• WHAT THE EXERCISE ASKS
Please return every line of the material verbatim and skip any images.

• DATA PROVIDED
*** Block opens ***

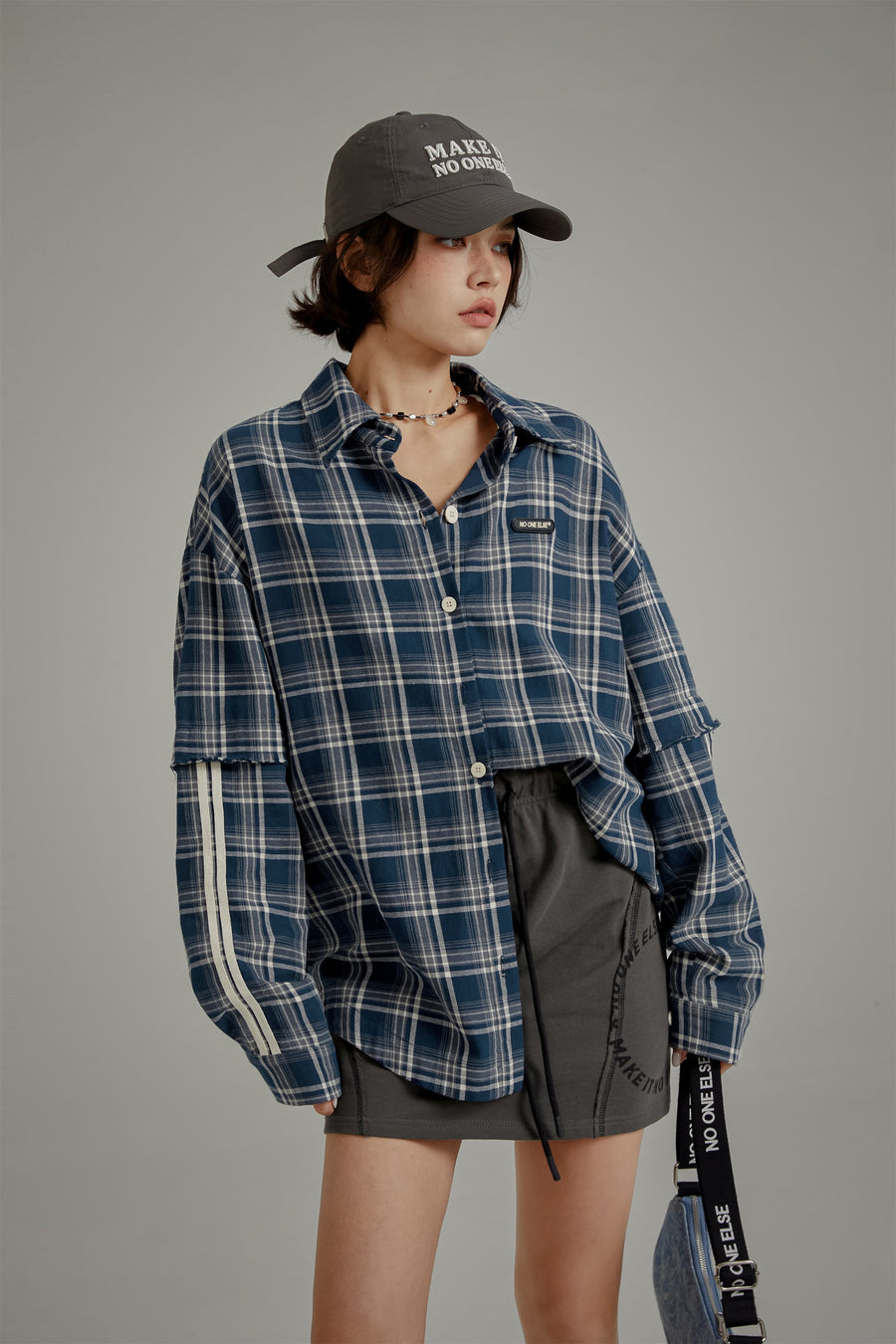 CHUU Retro Check Stitching Long Sleeve Shirt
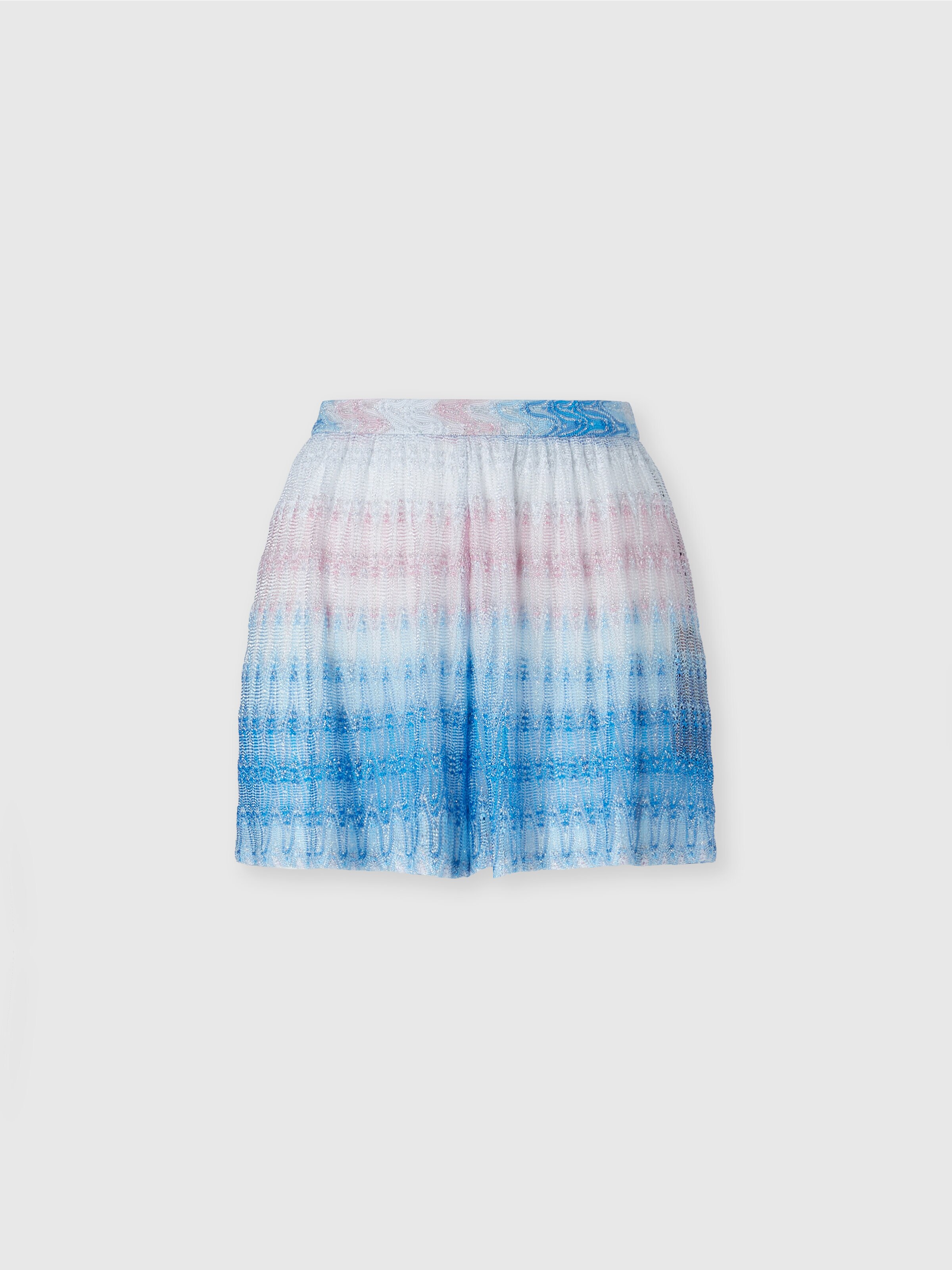 Lace shorts with iconic zig zag pattern, Blue & Pink   - 0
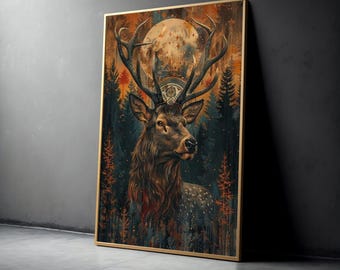 Majestic Stag and Moon Canvas Print, Rustic Woodland Decor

*** Block closes ***

• ANSWER TO THIS TASK
 CHUU Retro Check Stitching Long Sleeve Shirt
 Lace shorts with iconic zig zag pattern, Blue & Pink   - 0
 Majestic Stag and Moon Canvas Print, Rustic Woodland Decor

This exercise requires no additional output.